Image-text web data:

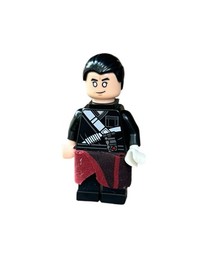 Lego Star Wars Chirrut Imwe Minifigure 75152
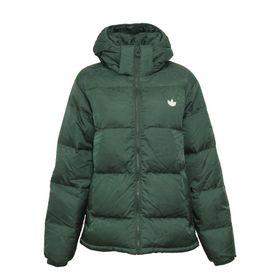 Adidas HL9219 Yeşil Regen Rekive Erkek Mont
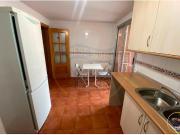 PISO EN ALQUILER CON PLAZA DE GARAJE EN REYES CATOLICOS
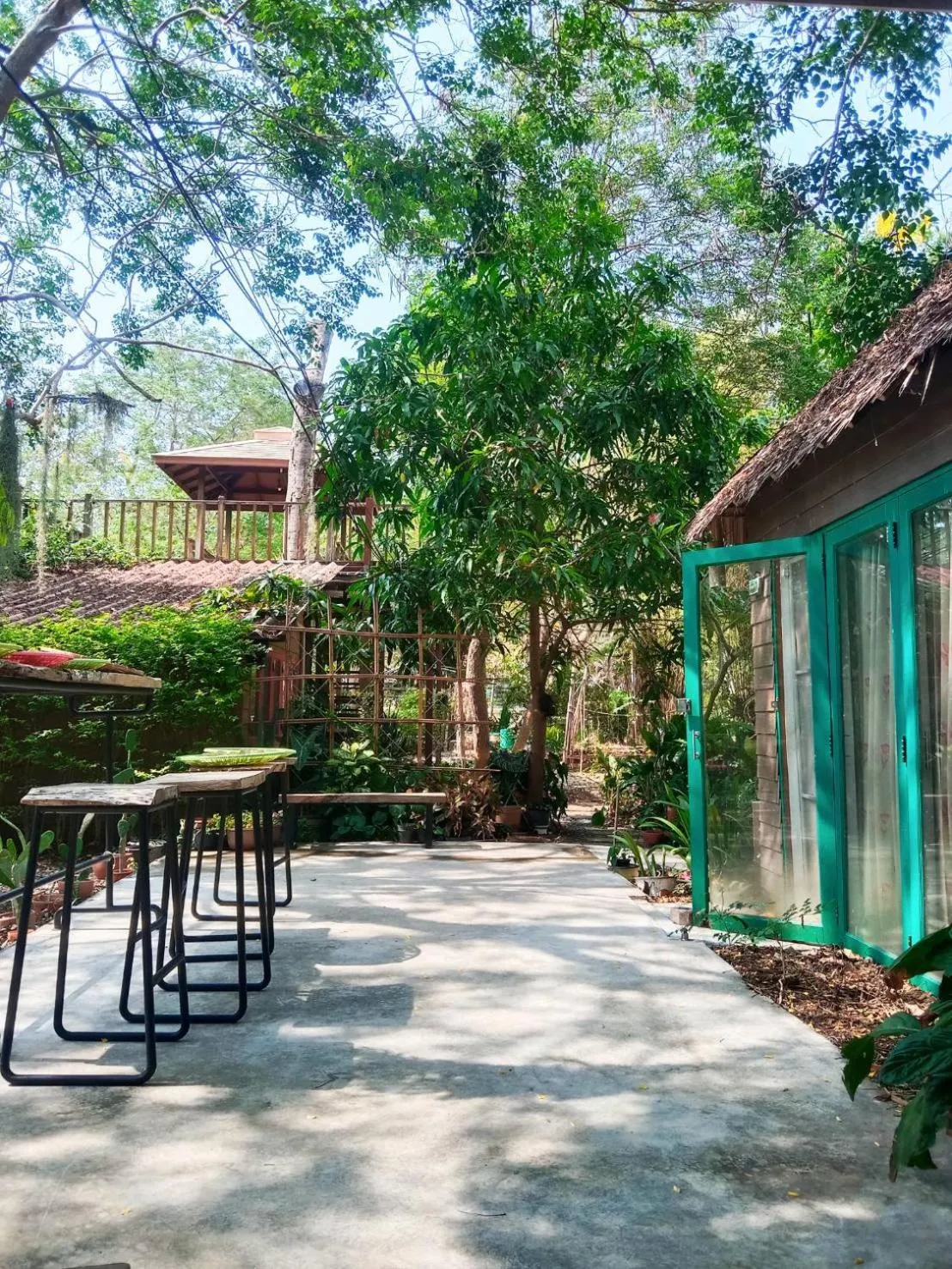 Ban Bang Home Resort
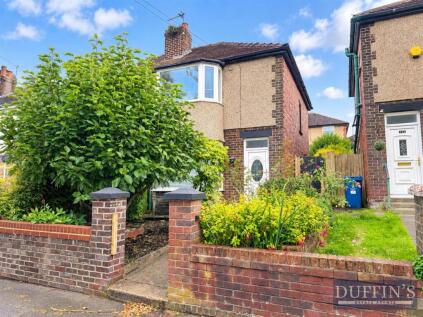 St. Marks Place, Blackburn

• _Activity_
Return only the line with "PISO EN ALQUILER" and the lines after it up to the end of the records, exact and free of pictures.

• _Task answer_
 PISO EN ALQUILER CON PLAZA DE GARAJE EN REYES CATOLICOS
 Ban Bang Home Resort
 St. Marks Place, Blackburn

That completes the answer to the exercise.